I commercianti del settore, scottati dalla nuova decisione prevista nell’ultimo DPCM firmato dal premier Conte, non l’hanno proprio mandata giù e hanno minacciato azioni di protesta contro il governo. Fra questi, il titolare di Disco Club, negozio storico di vinili di Genova, aperto dal 1965. “È concorrenza sleale – ha dichiarato a Il Secolo XIX Giancarlo Balduzzi, titolare del negozio – le grandi librerie possono anche vendere dischi, di fatto spazzando via quel poco che avremmo potuto vendere in un periodo come questo. Tutti i negozi, di qualunque genere, stanno vivendo un momento difficilissimo, ma la scelta del governo rischia di mettere in ginocchio diverse attività”. Balduzzi ha scritto anche una lettera aperta alle istituzioni e ha l’obiettivo di coinvolgere, oltre alle attività genovesi del settore, altri negozi storici fra cui Disclan di Salerno, creando una rete per portare il problema sotto i riflettori. “Diciamolo chiaramente, senza ipocrisie: la mia non è una corsa al “voler aprire”, la situazione è ancora pericolosa e il contatto con il pubblico non sarebbe privo di timori, senza contare che si potrebbe andare solo nella libreria o nel negozio di dischi del proprio quartiere, e non penso ci saranno le folle per comprare – sottolinea Balduzzi – però se aprono attività che vendono quello che vendiamo noi, ci sentiamo presi in giro. È come se la musica venisse considerata cultura di serie B”.
Nella lettera (che si può trovare completa sulla pagina di Disco Club) Balduzzi scrive: “Questa disparità librerie-negozi di dischi è ormai un classico: il libraio non paga l’Iva (assolta alla fonte dall’editore e solo per il 4%), noi paghiamo il 22%; i librai hanno il reso totale della merce ordinata, noi dobbiamo piangere per poter rendere qualcosa; il libraio guadagna il 30% sul prezzo di copertina. Noi ricarichiamo il 30% su quanto lo abbiamo pagato (esempio: libro da 100€, il libraio paga 70€ e gli rimangono 30€, disco che noi paghiamo 70€, lo vendiamo a 91€, quindi guadagniamo 9€ in meno; questo senza tener conto delle varie scalette sconto di cui godono le librerie)”.
Anche Marco Massari, uno dei titolari dell’attività Ernyaldisko e organizzatore della Fiera del Disco a livello nazionale, si si è unito al coro di proteste: “Abbiamo scritto al presidente del Consiglio chiedendo di inserire anche i negozi di dischi nella riapertura delle attività il 14 aprile: ciò consentirebbe di evitare l’eventuale sovraffollamento nelle librerie, dando la possibilità ai clienti di comprare i libri di musica e i dischi nei negozi di dischi – dice Massari – e soprattutto per evitare che si definisca una cultura di serie A e una di serie B. Noi stiamo sopravvivendo solo grazie alla vendita online, con compratori solo esteri. Eppure il settore era in grandissima crescita: da qualche anno le vendite raddoppiavano, non considerare questi dati vuol dire non conoscere questo mercato”.

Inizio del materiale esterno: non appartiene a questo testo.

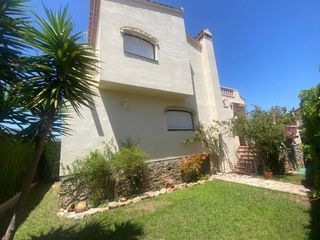 Casa aparellada  Calle horus. Venta de chalet pareado en montroig del camp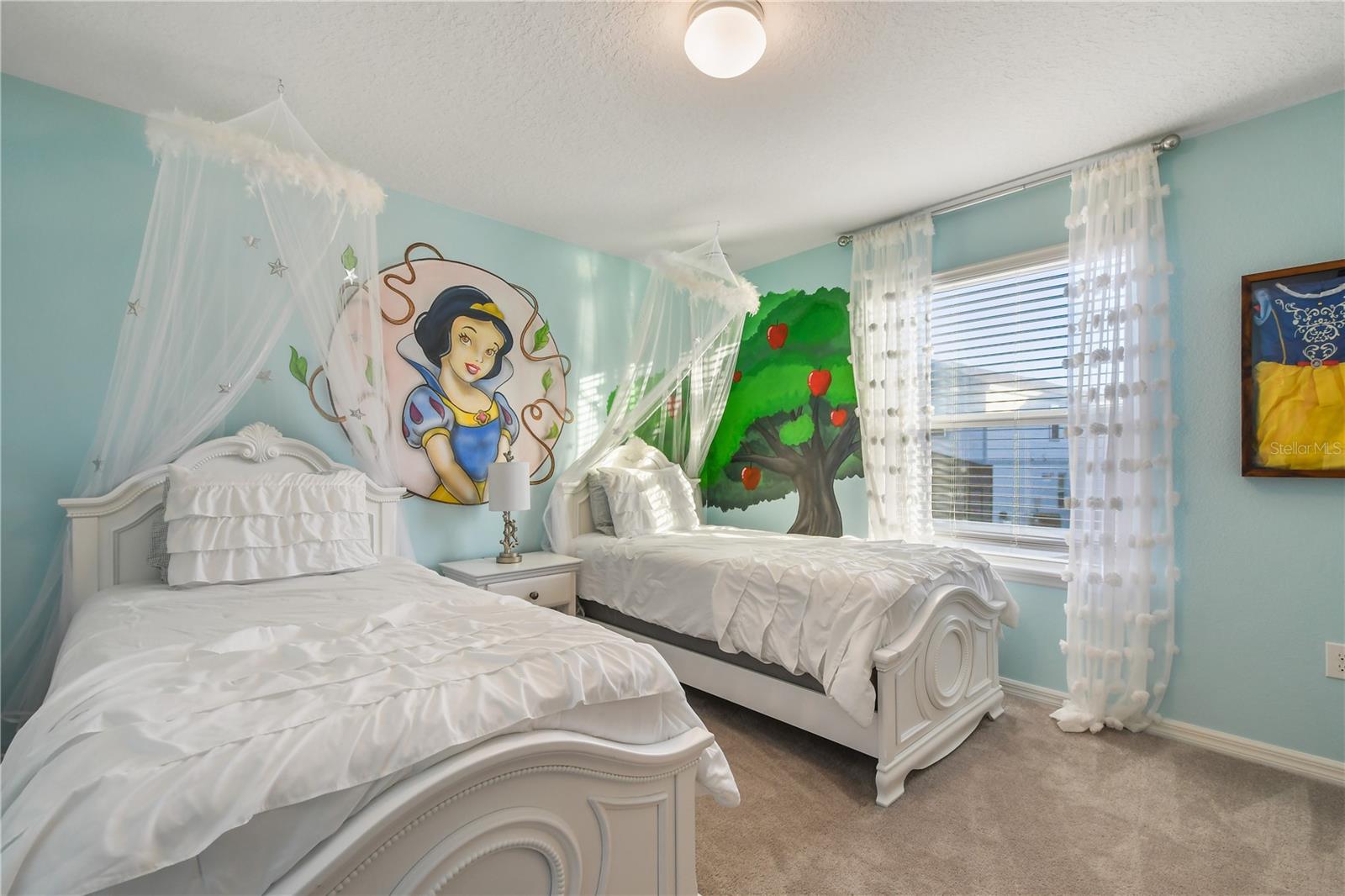 2060 Lelani Cir Property Photo 41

Intanto, per quanto riguarda le librerie e le cartolerie, in Lombardia resteranno chiuse contrariamente a quanto avverrà nel resto del Paese secondo quanto stabilito dal nuovo Dpcm annunciato dal Governo. Il commercio al dettaglio di libri e articoli di cartoleria, si legge nella nuova ordinanza firmata dal presidente della Regione Attilio Fontana, “è consentito esclusivamente negli ipermercati e nei supermercati”.
Resta da capire se anche le altre Regioni italiane seguiranno questa linea o se invece applicheranno le misure previste dal governo.